◆ PROBLEM:
Below are some records. Return exactly the lines from the one with "19V 3.42A MSI" to the one with "1966 International Harvester Travelall", and nothing else.

◆ PROVIDED DATA:
*** Block opens ***
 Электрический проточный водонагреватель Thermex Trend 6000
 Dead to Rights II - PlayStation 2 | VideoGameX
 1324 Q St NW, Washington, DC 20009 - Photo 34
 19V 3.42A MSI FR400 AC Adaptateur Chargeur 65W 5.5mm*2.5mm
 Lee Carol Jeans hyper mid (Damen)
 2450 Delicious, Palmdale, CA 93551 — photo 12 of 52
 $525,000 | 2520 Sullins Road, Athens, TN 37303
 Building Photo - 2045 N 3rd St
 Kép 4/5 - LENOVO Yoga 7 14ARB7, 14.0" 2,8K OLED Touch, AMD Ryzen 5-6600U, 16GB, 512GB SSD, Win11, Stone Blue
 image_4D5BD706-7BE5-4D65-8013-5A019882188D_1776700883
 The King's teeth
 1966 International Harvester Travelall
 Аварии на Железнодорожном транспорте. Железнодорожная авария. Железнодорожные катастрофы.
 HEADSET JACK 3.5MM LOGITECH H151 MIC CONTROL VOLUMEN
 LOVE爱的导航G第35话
*** Block closes ***
*** Block opens ***
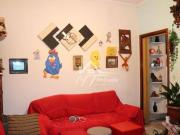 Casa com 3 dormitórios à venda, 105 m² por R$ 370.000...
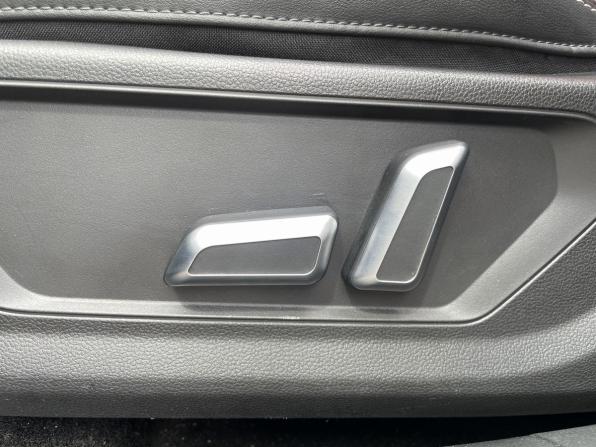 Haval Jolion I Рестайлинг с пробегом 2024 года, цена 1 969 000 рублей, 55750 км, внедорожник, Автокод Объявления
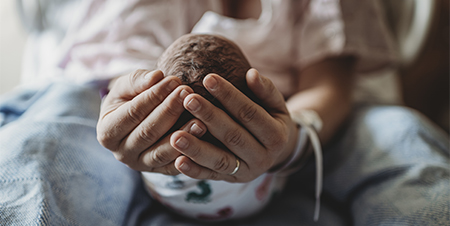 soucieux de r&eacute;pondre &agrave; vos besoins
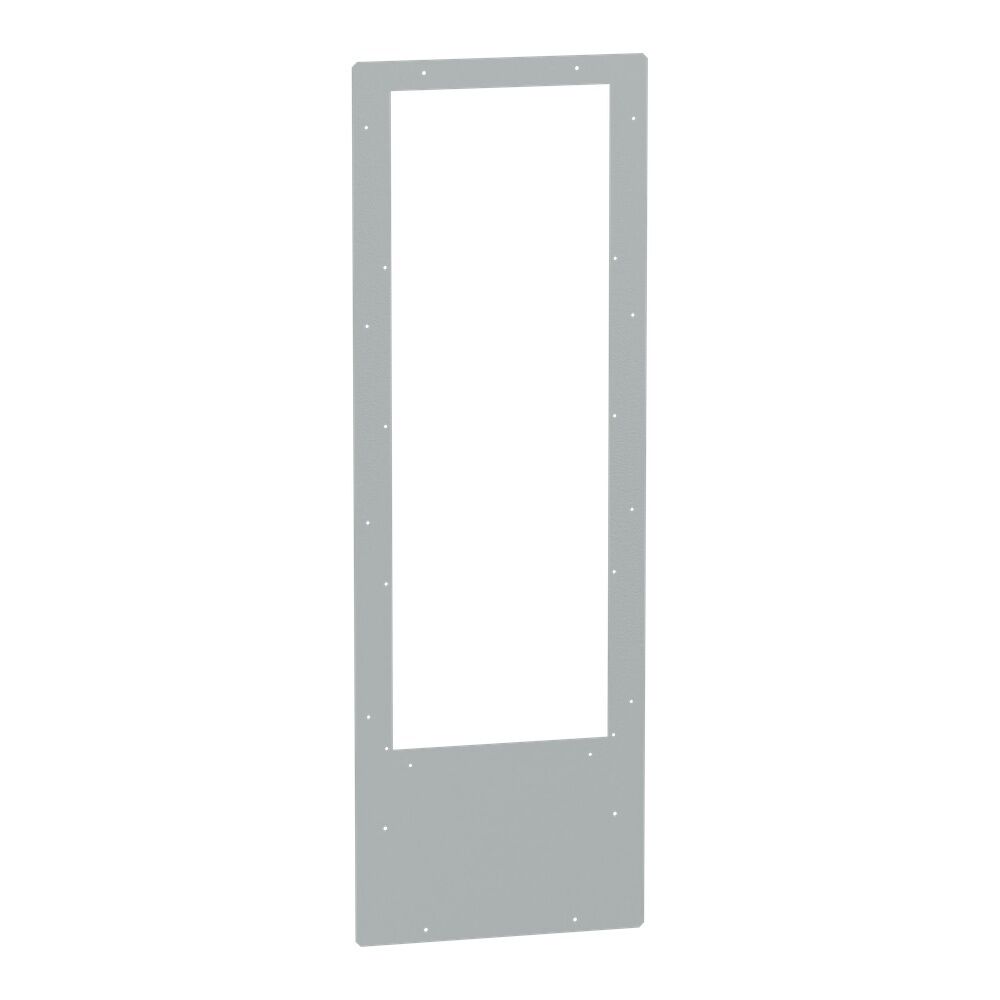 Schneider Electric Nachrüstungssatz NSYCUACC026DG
*** Block closes ***
◆ EXERCISE OUTPUT:
 19V 3.42A MSI FR400 AC Adaptateur Chargeur 65W 5.5mm*2.5mm
 Lee Carol Jeans hyper mid (Damen)
 2450 Delicious, Palmdale, CA 93551 — photo 12 of 52
 $525,000 | 2520 Sullins Road, Athens, TN 37303
 Building Photo - 2045 N 3rd St
 Kép 4/5 - LENOVO Yoga 7 14ARB7, 14.0" 2,8K OLED Touch, AMD Ryzen 5-6600U, 16GB, 512GB SSD, Win11, Stone Blue
 image_4D5BD706-7BE5-4D65-8013-5A019882188D_1776700883
 The King's teeth
 1966 International Harvester Travelall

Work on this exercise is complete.